The carcasses are seen by critics as an embarrassing eyesore for Hindu nationalist Modi who has long hailed Gujarat as a shining example of India's economic progress.
His party also risks losing votes at upcoming elections because of the fury about the attack in July. Dalits have sizeable numbers in Gujarat and two other states gearing up for next year's polls, experts say.
The attack, during which the youths were stripped to their waists before being flogged, shows violence is still being meted out to Dalits six decades after India banned caste discrimination.
Authorities have concluded a wild lion, not the four youths, killed the cow and the youngsters were legally skinning the animal for its leather. Police this month formally filed charges against their attackers.
The incident was a tipping point for many Dalits, who feel they can no longer tolerate such attacks, said charismatic Dalit leader Jignesh Mevani.
"Economic exploitation on one hand and caste-based violence on the other has completely frustrated them, especially the youth," said Mevani, a 35-year-old lawyer.
"The Una (village) incident proved to be the last straw."
Dirty, dangerous jobs
The violent protests that erupted in July over the attack, leaving one police officer dead, have passed for now. But Dalits have kept up their strike against collecting the carcasses, although municipal authorities have taken over in some areas.
AFP reporters saw about 10 dead cows next to a main road leading into the city. Cows roam freely in Hindu-majority India and killing them is illegal in most states.
Dalits, who form 16.6 per cent of the national population, roughly 200 million people, performed the most dirty and dangerous jobs such as removing dead animals and human waste under India's caste system.
Determined by birth, the centuries-old system dictated hierarchy in Indian society including profession and level of education available.
Despite the ban discrimination remains rife: Some 27 per cent of Indians reported regularly carrying out "untouchability" -- such as refusing Dalits entry to their kitchen, or setting aside different utensils for them -- according to a survey last year by India's National Council of Applied Economic Research and America's University of Maryland.
Reported crimes against Dalits increased 44 per cent between 2010 and 2014, official figures show.
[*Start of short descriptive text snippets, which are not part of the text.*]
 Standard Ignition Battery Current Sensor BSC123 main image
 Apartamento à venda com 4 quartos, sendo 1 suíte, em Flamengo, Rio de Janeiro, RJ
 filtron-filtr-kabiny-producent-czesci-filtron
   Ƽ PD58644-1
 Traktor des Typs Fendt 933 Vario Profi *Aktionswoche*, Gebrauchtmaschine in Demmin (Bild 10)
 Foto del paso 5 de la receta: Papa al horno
A Dalit boy was burnt to death in 2014 for letting his goat stray onto land owned by an upper-caste farmer.
Though some experts cautioned that the increase could be down to growing awareness of the need to report atrocities, rather than a jump in actual cases.
But aspirations of and opportunities for young Dalits have grown after years of India's booming economic growth with hundreds of thousands flocking to cities for work and study.
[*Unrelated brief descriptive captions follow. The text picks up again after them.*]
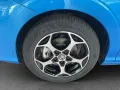MG3 Luxury HEV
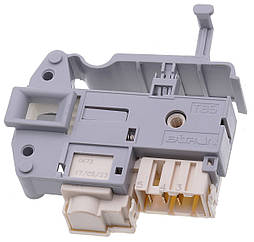 Замок для пральної машини Ariston, Indesit C00285597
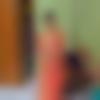 woman seeking men Chhapra near me photo - Bahnnisikha
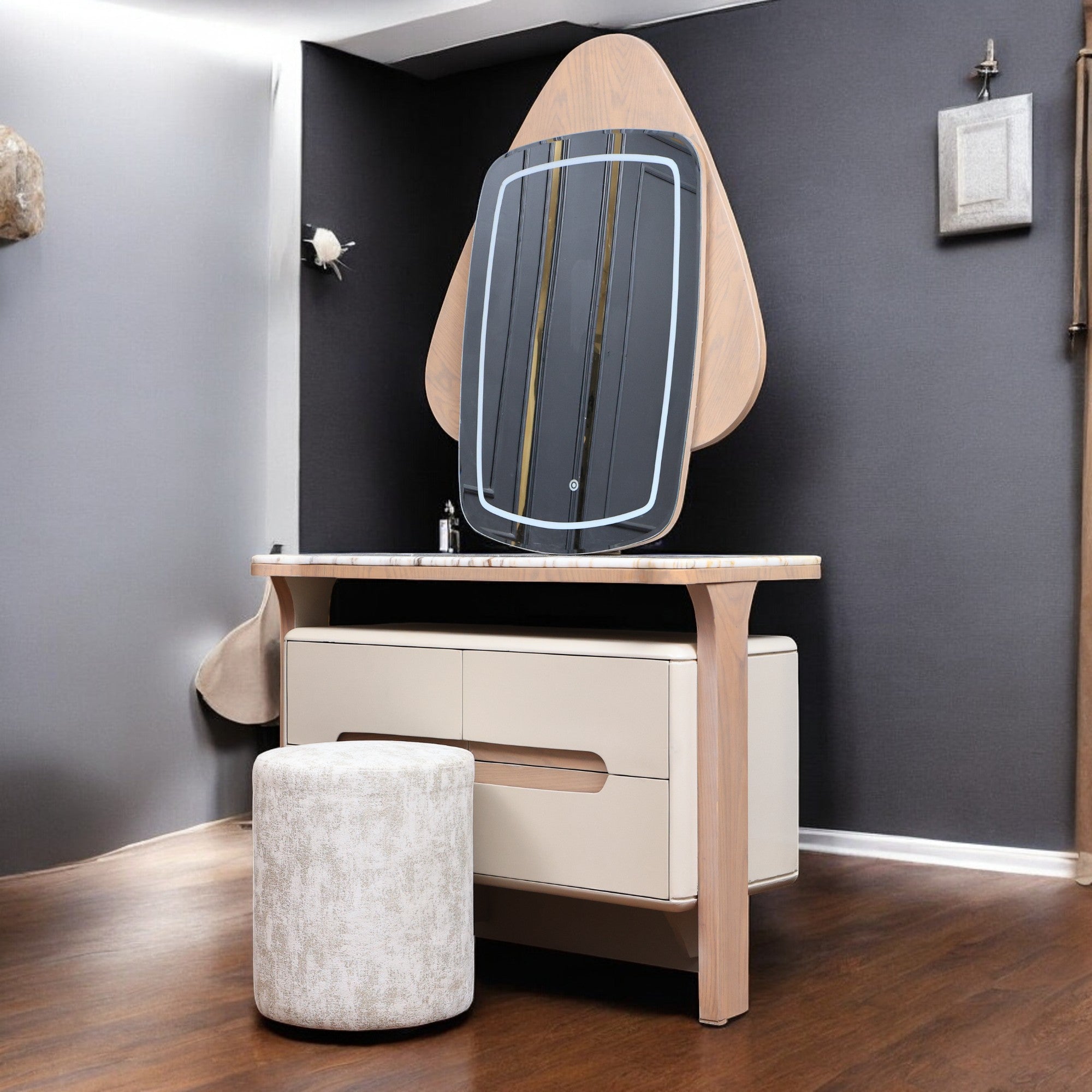 تسريحة اطفال 361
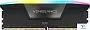 картинка ОЗУ Corsair CMH32GX5M2E6000C36 - превью 9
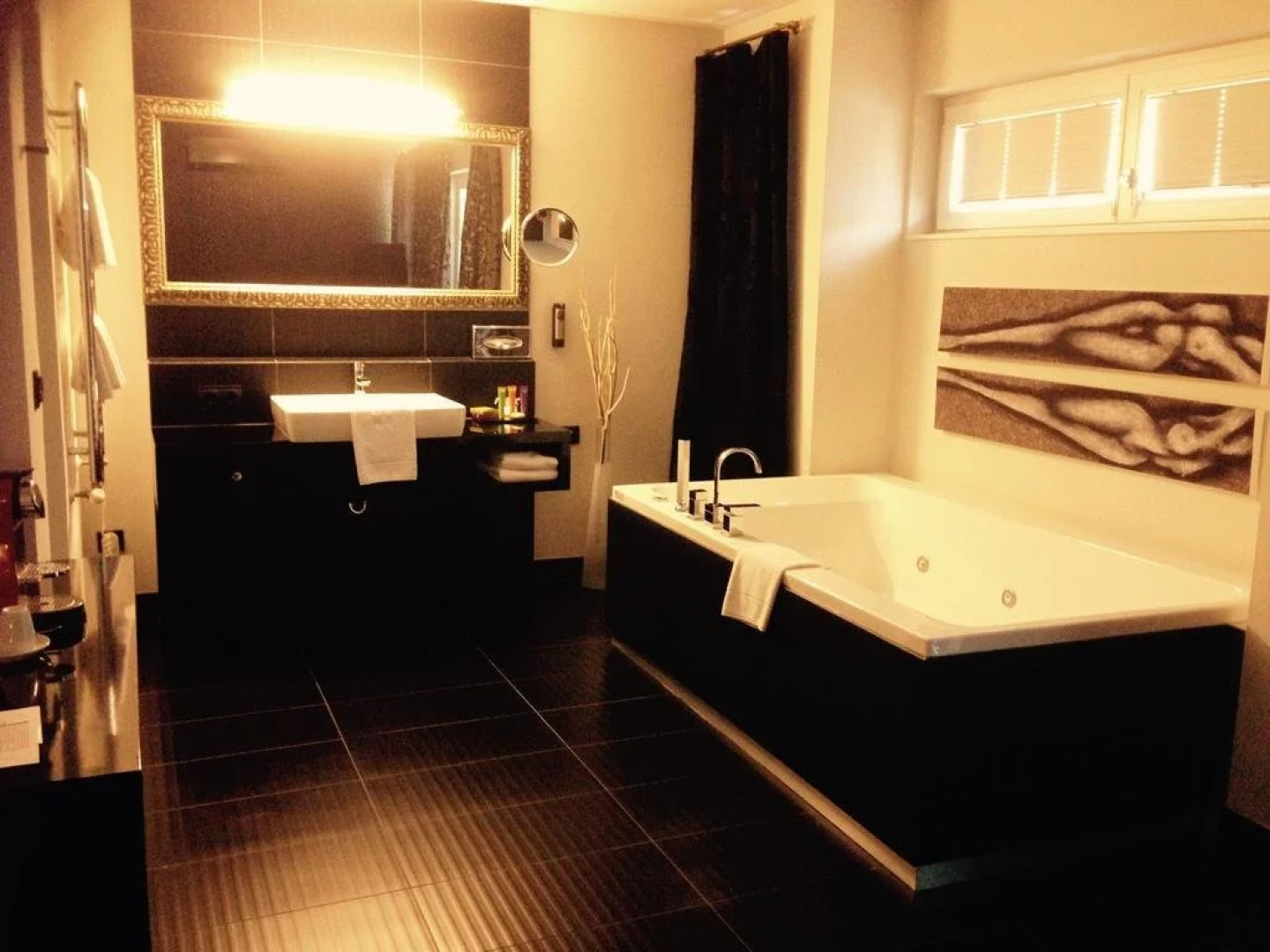 Maiers Kuschelhotel deluxe - Adults only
Literacy rates among Dalits are 66 per cent nationally, while government jobs and university places are reserved for a string of different low castes under affirmative action policies.
At a Dalit settlement dotted with ramshackle brick houses near Ahmedabad, residents spoke of facing discrimination on a daily basis.
"We are not allowed to enter temples, fetch water from public taps or drink from the same cups at tea stalls," said Babulal Mackwan, a shoemaker.
Activist Mevani said Dalits would end their strike over the carcasses only if the state government vowed to stamp out caste oppression and gave five acres (two hectares) of land to every Dalit family affected.
At a skinning field strewn with cow remains in Gujarat's Surendranagar district, Dalits said the strike was hurting them financially. Dalits have traditionally and legally made a living from the carcasses -- including by selling hides to tanneries and fat to soap makers.
But they said they were tired of being relentlessly targeted by hardline Hindus belonging to cow-protection squads and were prepared to keep up the strike.
"Even when we are transporting hides or bones, we are targeted by cow mobs. We are asked to cough up bribes or face beatings," said local Dalit activist Natubhai Parmar.
He added: "But we will not bow down this time. We are prepared for a long fight."